** RECORD EXTRACTS follows **

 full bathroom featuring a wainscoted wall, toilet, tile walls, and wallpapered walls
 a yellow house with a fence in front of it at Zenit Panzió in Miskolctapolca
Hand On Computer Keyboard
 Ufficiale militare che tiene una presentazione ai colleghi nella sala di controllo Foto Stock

** End of RECORD EXTRACTS **
** RECORD EXTRACTS follows **

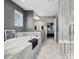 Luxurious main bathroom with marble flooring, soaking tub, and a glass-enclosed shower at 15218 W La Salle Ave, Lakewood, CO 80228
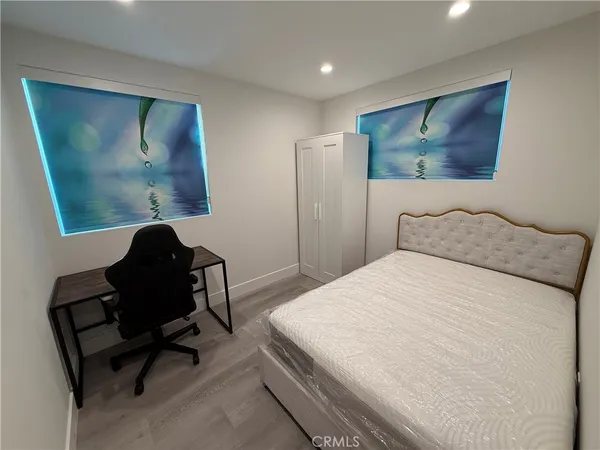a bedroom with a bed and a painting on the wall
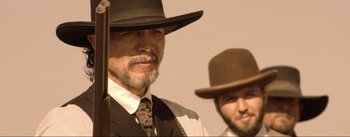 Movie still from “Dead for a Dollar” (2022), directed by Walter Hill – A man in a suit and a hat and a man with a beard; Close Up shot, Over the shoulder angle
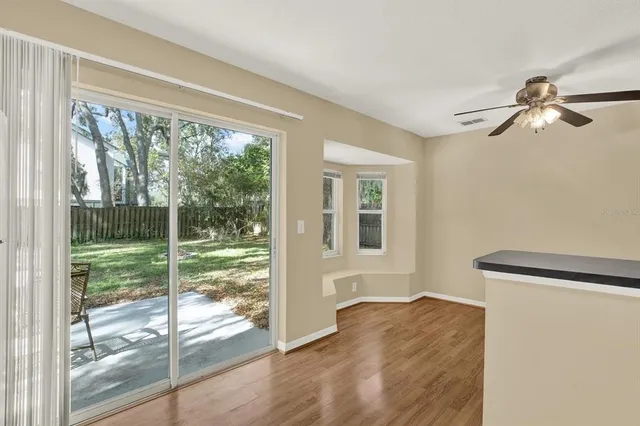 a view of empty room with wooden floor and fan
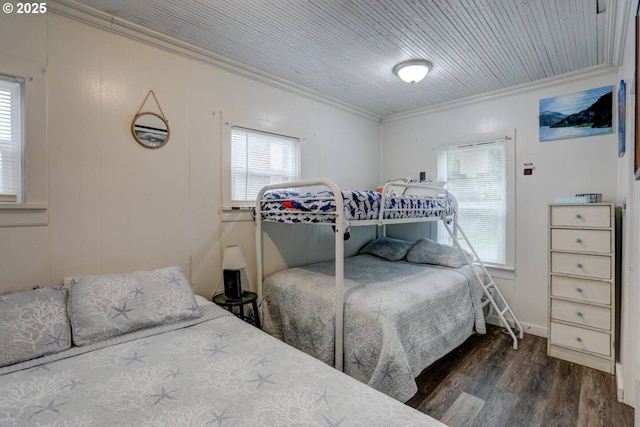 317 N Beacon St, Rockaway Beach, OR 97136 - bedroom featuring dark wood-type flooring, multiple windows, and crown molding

** End of RECORD EXTRACTS **
** RECORD EXTRACTS follows **

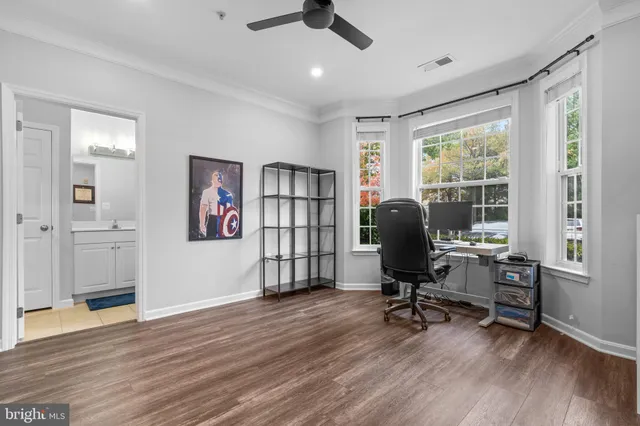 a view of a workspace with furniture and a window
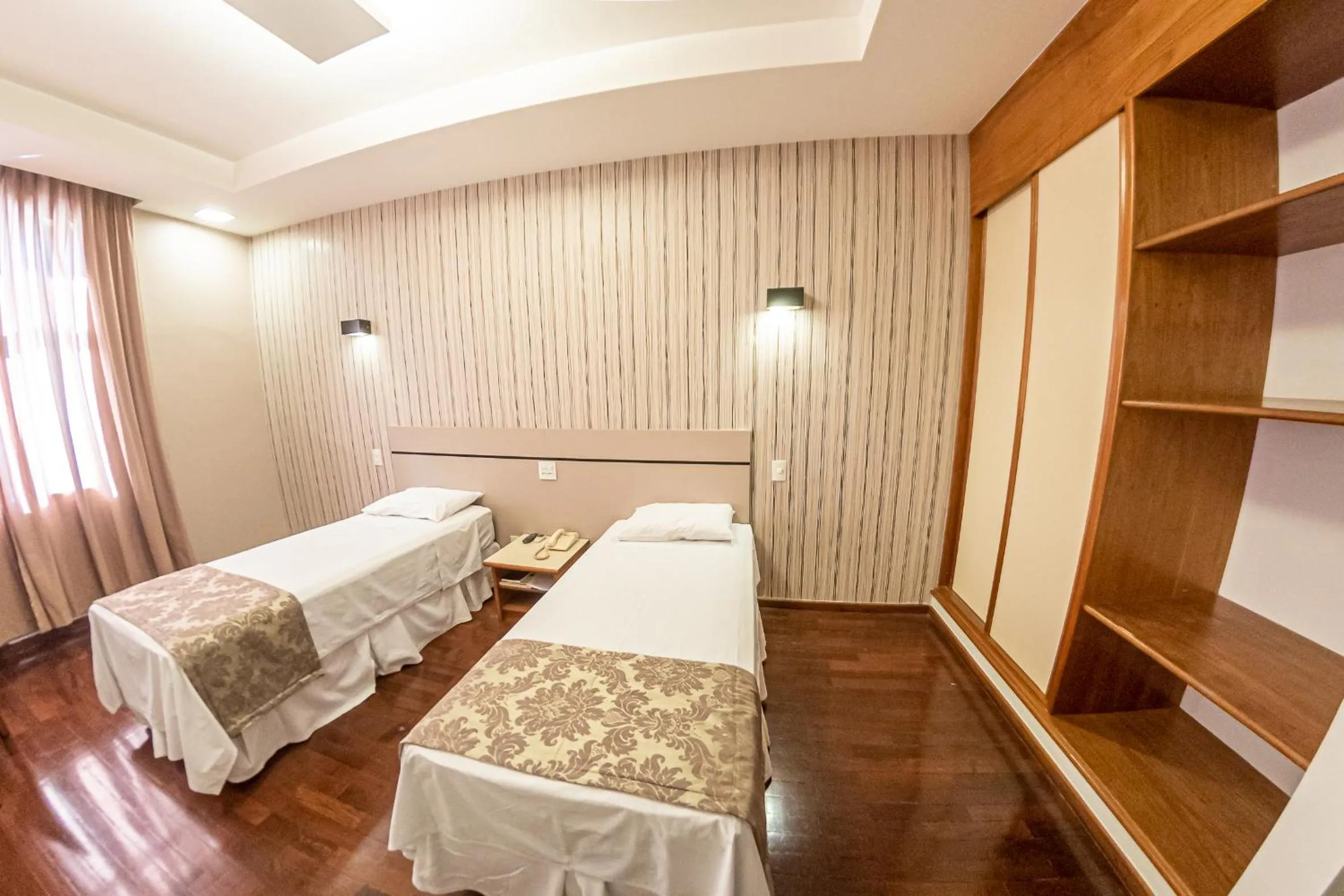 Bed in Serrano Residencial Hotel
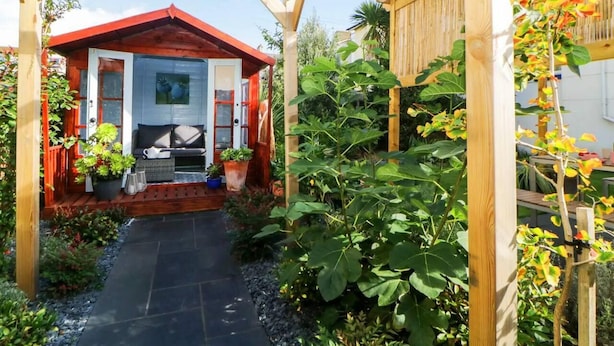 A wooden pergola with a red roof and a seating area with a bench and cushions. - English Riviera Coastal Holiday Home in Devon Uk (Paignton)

** End of RECORD EXTRACTS **

▶ **PROMPT**: Beginning at the line that has "a view of empty" and ending at the line that has "317 N Beacon", restate the listing above word for word, pictures left out.

▶ **ANSWER BOX**:
 a view of empty room with wooden floor and fan
 317 N Beacon St, Rockaway Beach, OR 97136 - bedroom featuring dark wood-type flooring, multiple windows, and crown molding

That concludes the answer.